Portanto, embora ferramentas como escuta ativa, comunicação não violenta e validação de sentimentos sejam importantes, mostram-se insuficientes diante da complexidade da conciliação no superendividamento, que exige habilidades técnico-jurídicas específicas. Trata-se de procedimento híbrido, com aspectos de diferentes mecanismos autocompositivos.
Não desconsiderando a importância da transcrição fidedigna das informações apresentadas em sessão (no Cejusc Porto Alegre a orientação é a transcrição literal do texto inserido no chat da videoconferência), é muito comum sua apresentação pelos credores de forma incompleta, confusa e até mesmo incorreta. Neste caso, cabe ao facilitador fazer as perguntas necessárias para o esclarecimento da situação, conforme determina o artigo 19, da Lei nº 13.140/2015.
Diferente das mediações convencionais, onde o princípio da confidencialidade determina que as informações proferidas em sessão não poderão ser apresentadas como provas no eventual julgamento do caso, no superendividamento, por expressa determinação legal, “serão considerados no processo por superendividamento, se for o caso, os documentos e as informações prestadas em audiência”. E mais: é através do termo da sessão, com a transcrição do que realmente aconteceu no ato, que o magistrado poderá analisar se os representantes tinham, de fato, poderes para transigir.
Apresentam-se, a seguir, alguns exemplos:
📌 O fornecedor apresenta uma proposta, estabelecendo a data de vencimento da parcela, e o consumidor solicita o adiamento em dois ou cinco dias, para que coincida com a data do recebimento de seu benefício previdenciário. O representante, porém, informa que não tem autorização para realizar qualquer modificação na proposta apresentada;
📌 O consumidor aceita a proposta financeira, mas discorda de uma cláusula que considera abusiva, imposta pelo fornecedor. Ainda assim, o representante declara que nenhuma cláusula pode ser alterada ou ajustada;
📌 O fornecedor apresenta uma proposta de novo parcelamento, mas nega-se a informar o saldo devedor atualizado e o custo efetivo total da proposta apresentada, impedindo que o consumidor faça a comparação entre o valor correspondente a manutenção das operações contratadas (ao menos até decisão judicial) e a aceitação da nova proposta.

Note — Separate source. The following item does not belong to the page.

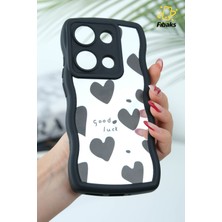 Xiaomi Redmi Note 13 Pro 4g Uyumlu Kılıf Aynalı Kalp Desenli Yumuşak Kenarlı Kamera Korumalı Silikon Kapak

Como conclusão, sem encerrar o tema, pois evidenciou-se até aqui a complexidade da etapa autocompositiva no procedimento de superendividamento, percebe-se a singularidade da audiência de conciliação e a necessidade de competências e habilidades específicas para a sua condução.
A audiência de conciliação no superendividamento requer condução técnica, participação efetiva dos credores e respeito à vulnerabilidade do consumidor. Seu êxito não se mede apenas por acordos celebrados, mas pela qualidade do procedimento e efetiva negociação, com participação qualificada e diálogo informado, sob pena de prejuízo ao cumprimento do acordo ou até mesmo invalidação dele.